Economía UNAM vol.16 no.48 Ciudad de México Set./Dez. 2019  Epub 09-Dez-2020

 

Reseñas

Reseña de libro de Leonardo Lomelí Vanegas, Liberalismo oligarquico y política económica. Positivismo y economía política de Porfiriato

Federico Novelo Urdanivia* 

*Universidad Autónoma Metropolitana, México. <fjnovelo@correo.xoc.uam.mx>

Reseña de libro de, , Leonardo. Liberalismo oligarquico y política económica., Positivismo y economía política de Porfiriato. México: FCE-UNAM, 2016. 368p.


No existe ninguna verdad,

solo existen interpretaciones.

Federico Nietzsche.

El extraordinario libro de Leonardo Lomelí arroja intensa luz sobre la existencia, pertenencia, contradicciones, negación y singular éxito del grupo de Los Científicos; la innovadora combinación de liberalismo, darwinismo social y positivismo, con dosis de cada componente significativamente diferenciadas, según el consumidor, produjo fricciones y abiertos conflictos, por ejemplo, entre las versiones biográficas sobre el Licenciado Benito Juárez que escribieron Francisco Bulnes y Justo Sierra, a partir de 1904.

En el legado de Juárez, se extrae del texto de Leo, el espacio para interpretaciones diversas y muy polarizadas es vasto; desde el propósito reformador de la Constitución de 1857, tras la Restauración de la República, para proponer el restablecimiento de la Cámara de Senadores (Traicionando al Federalismo, según los liberales puros que por diez años, muchos de ellos con las armas, defendieron la versión original de esa constitución), hasta los problemas heredados con Europa por el fusilamiento de Maximiliano; desde la imagen del primer indígena en alcanzar la presidencia del país, hasta la del terror de los apóstoles de la educación confesional; en fin, desde la designación de Gabino Barreda como responsable de la instrucción pública, hasta la opaca historia del origen, autor y lugar de creación del danzón que evoca a Don Benito y cuyo estribillo, sin duda, habría apoyado como primer abajo firmante (creador cubano o chiapaneco, inicialmente dedicado a Martí, estrenado en 1919 por la Orquesta Columbia). Mientras el Congreso de Colombia lo nombraba Benemérito de las Américas, la prensa que simpatizaba con El Plan de La Noria lo describía como Presidente Garrapata, que no soltaba el poder.
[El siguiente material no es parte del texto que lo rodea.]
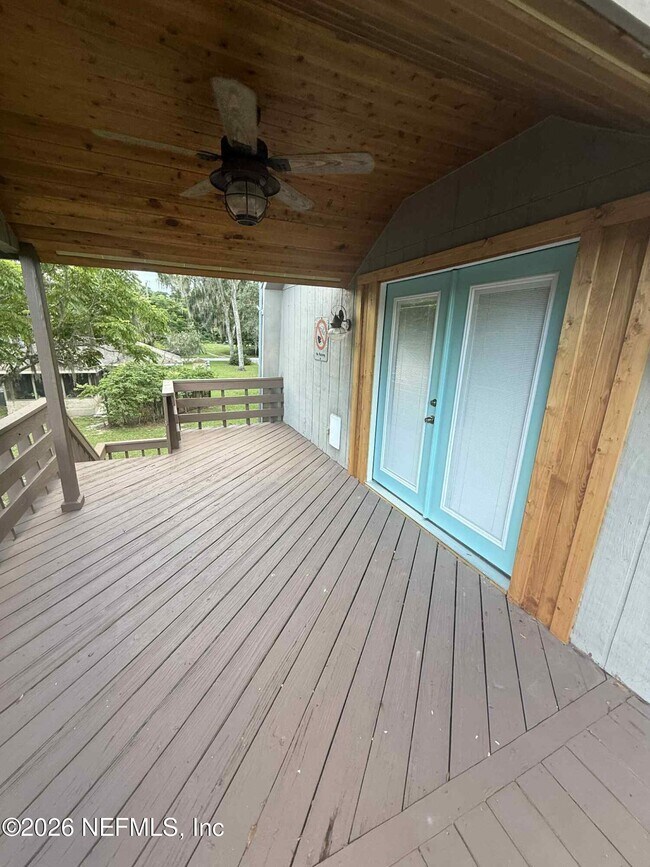 Foto del edificio - 104 Park Ave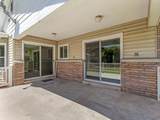 396 700 - Photo 23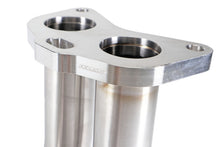 Load image into Gallery viewer, Perrin 22-24 Subaru WRX / 20-24 OBXT &amp; Legacy XT / 19-24 Ascent Equal Length Header - Brushed SS Headers &amp; Manifolds Perrin Performance
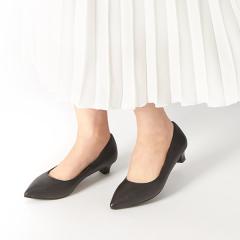 velikoko(���F���R�R�j�ivelikoko�j/�|�C���e�b�h�g�D�p���v�X(3�D5cm�q�[��)19�D5~27cm ���N�`�����ꂢ�V���[�Y[�Z�����j�[]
Lomelí nos entrega un interesantísimo estudio de la forma en la que el liberalismo de John Stuart Mill ocupó la mente colectiva de los liberales mexicanos, con Guillermo Prieto a la cabeza, para sembrar la economía política. La sensibilidad del inglés, más o menos invisible entre los actuales autores y practicantes de esa peculiar “ciencia”, le ha permitido ocupar un sitio destacado en la economía:

Una de las principales contribuciones de John Stuart Mill a la historia de la disciplina que cultivó fue la que aportó como autor de lo que podría considerarse razonablemente como el primer libro de texto de economía política, verdadero jalón precursor de lo que se convertiría en una vasta, muy influyente y a veces remuneradora tradición literaria. Su obra <<Principles of Political Economy>> fue efectivamente utilizada con ese fin, y su sobresaliente calidad literaria no ha tenido rival hasta ahora. Mill el joven volvió a formular el sistema clásico en una versión más reflexiva y exacta que la de Smith y Ricardo, y se adhirió a la defensa del utilitarismo que habían asumido su padre y Jeremy Bentham. Pero se trataba de un hombre sensible y abierto a distintas influencias humanitarias, algo no visto con buenos ojos por algunos de sus contemporáneos. Entre ellas, se puede mencionar al pensamiento socialista y a las opiniones de Harriet Taylor, neé Harriet Hardy, quien se casó con él en 1851 y lo convenció, cosa extraordinaria en su época, de que las mujeres debían gozar del derecho de voto (Galbraith, J. K. (1989) Historia de la economía 1989: 133-134).1

La obra estelar de Mill, en su última edición (un año después de la que menciona Galbraith), recoge muy relevantes cambios de opinión sobre tres temas estratégicos: El socialismo, la propiedad y la distribución y el futuro (probable) de las clases trabajadoras; esa metamorfosis resultó de los diálogos con Harriet Hardy Taylor Mill, una mujer autodidacta que escribió tres ensayos con títulos reveladores: La liberación de las mujeres, El matrimonio y el divorcio, y -al lado de Mill- Ensayo sobre la igualdad de los sexos.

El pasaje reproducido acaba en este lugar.